You should convert your database to an appropriate encoding for the data
it contains (perhaps LATIN1?). If the database encoding is SQL_ASCII,
the JDBC driver has no way of knowing how to convert bytes >127 to
Java's UTF-16 String representation.

Basically, SQL_ASCII is only going to work with the JDBC driver if you
only store 7-bit ASCII, or if you happen to be very lucky and have all
clients everywhere use a client_encoding of UNICODE.

-O

Re: Encoding from CopyManager.copyIn()

From
Markus Kickmaier
Date:
Hi,

what I've done now is following:

- I converted my database to UTF8.
- I use a OutputStreamWriter with UTF8 as encoding to fill my stream for the copy statement.

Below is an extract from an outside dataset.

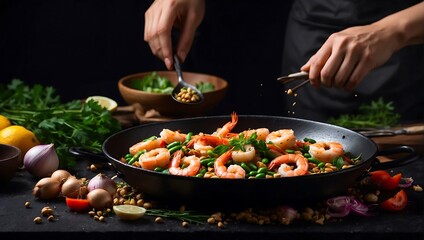 Cook preparing seafood shrimp in a pan. Generative AI.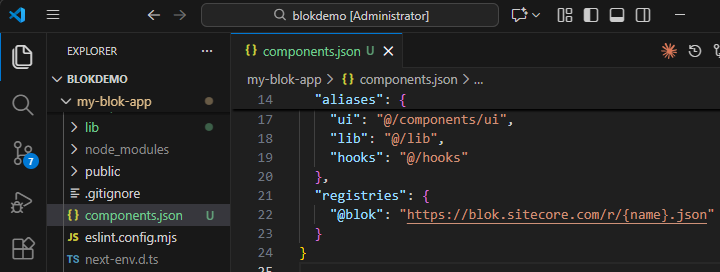 Configure Blok registry part 1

Now it works. Thanks for your help.

BR, Markus


----- "Oliver Jowett" <oliver@opencloud.com> schrieb:

> Markus Kickmaier wrote:
> > Thanks for the Responses Daniel and Kris,
> >
> > but i just don't get it work. I know now what exactly my problem
> is.
> > I have a SQL_ASCCI encoded database. The JDBC driver uses UNICODE as
> client_encoding. So if i want to copy an 'umlaut' like ü into a table
> i get the error: invalid byte sequence for UTF8...
> >
> > If i test this in pgAdmin it is the same. But if i set
> client_encoding to 'SQL_ASCII' in pgAdmin it works fine.
> > Trying this for my JDBC connection i get a PSQL Exception saying
> that the client_encoding parameter was changed to SQL_ASCII and the
> JDBC driver just works correctly with UNICODE.
> >
> > Any ideas? I'm rather sure it would work if JDBC would let me use
> SQL_ASCII.
>
> You should convert your database to an appropriate encoding for the
> data
> it contains (perhaps LATIN1?). If the database encoding is SQL_ASCII,
>
> the JDBC driver has no way of knowing how to convert bytes >127 to
> Java's UTF-16 String representation.
>
> Basically, SQL_ASCII is only going to work with the JDBC driver if you
>
> only store 7-bit ASCII, or if you happen to be very lucky and have all
>
> clients everywhere use a client_encoding of UNICODE.
>
> -O